For decades, UMCOR Arrives After Disaster Strikes
UPDATED 03/01: The following story includes original reporting, as well as updated information provided by CFMT and UMCOR’s Tornado Recovery Connection Director, Eileen Lowery.
The Tennessee Conference of the United Methodist Church Disaster Response Ministry (UMCOR) received a $50,000 grant to initiate case management resources for long-term recovery following the March 2020 tornadoes.
Responding to disasters has been a part of the mission of the United Methodist Church long before “United” was added to “Methodist Church.”
Under its original name, The Methodist Committee on Overseas Relief (MCOR) was founded in 1940 by the Bishop Herbert Welch (1862-1969) in response to displaced and vulnerable populations in the wake of World War II. In his address at the General Conference that year, Bishop Welch stated that MCOR would serve as a “voice of conscience among Methodists to act in the relief of human suffering without distinction of race, color, or creed.”
This mandate remains true to this day. The organization’s name was legally changed to The United Methodist Committee on Relief (UMCOR) at the 1972 General Conference.
When deadly and destructive tornadoes struck Middle Tennessee in early March, dozens of UMCOR-trained volunteers began working to help in devastated neighborhoods.
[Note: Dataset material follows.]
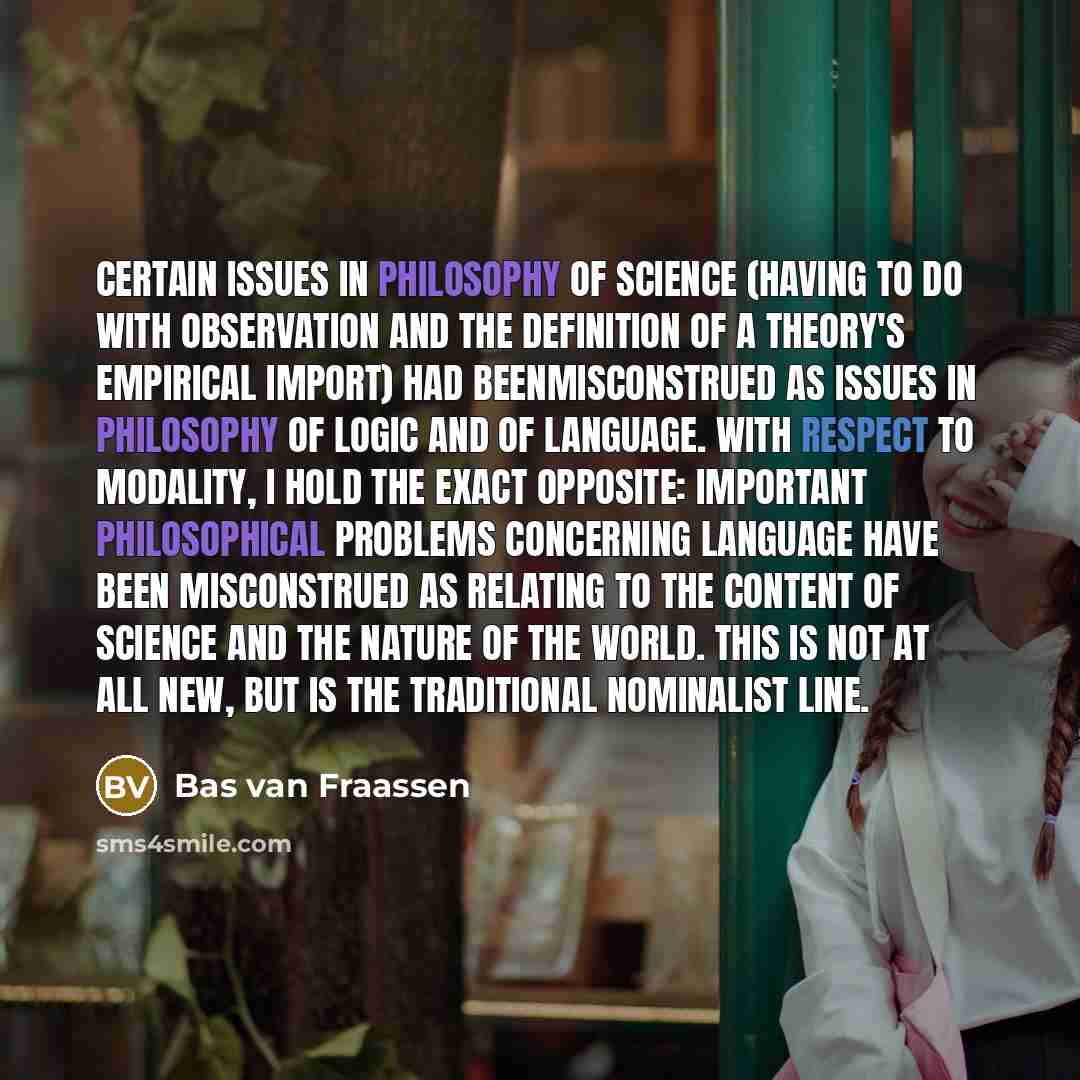 “Certain issues in philosophy of science (having to do with observation and the definition of a theory's empirical import) had beenmisconstrued as issues in philosophy of logic and of language. With respect to modality, I hold the exact opposite: important philosophical problems concerning language…” quote by Bas van Fraassen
Angela Overstreet, a UMCOR consultant and trainer based in Nashville, provided immediate assistance to the Rev. Robert Craig, disaster response coordinator for the Nashville Episcopal Area of The United Methodist Church. Craig and Overstreet met with other agencies in the area to begin coordinating response efforts.
“Our trained early response team members have responded quickly across the conference, where so much destruction is left in the wake of the tornado …,” Bishop William T. “Bill” McAlilly, bishop of the Nashville Episcopal Area, wrote in a conference update posted on the UMCOR website. The area includes the Memphis and Tennessee Conferences that cover Middle and West Tennessee and Western Kentucky.
“Leaders are stepping up offering help and hope. Numerous conferences are inviting offerings to support our response efforts,” the bishop continued. “We are so very thankful for all of this support.
“UMCOR teaches us that disaster response is long term. Our team is working on infrastructure to build a team that can go the distance on what will be a long-term recovery effort.”
Before UMCOR staff prepared to go the distance, many of their volunteers didn’t have to travel far.
Three area United Methodist churches — East End and Braden Memorial in East Nashville and Dodson Chapel in Hermitage — were heavily damaged by the tornadoes.
East End United Methodist Church had weathered storms before. When an F3 tornado ripped through East Nashville in 1998, it only managed to blow the sanctuary doors open.
This time, the damage was more severe. Much more severe.
“It’s in our DNA to be a church of open doors,” the Rev. Judi Hoffman, East End’s co-pastor, told UM News. “But they flew right off the hinges this time.”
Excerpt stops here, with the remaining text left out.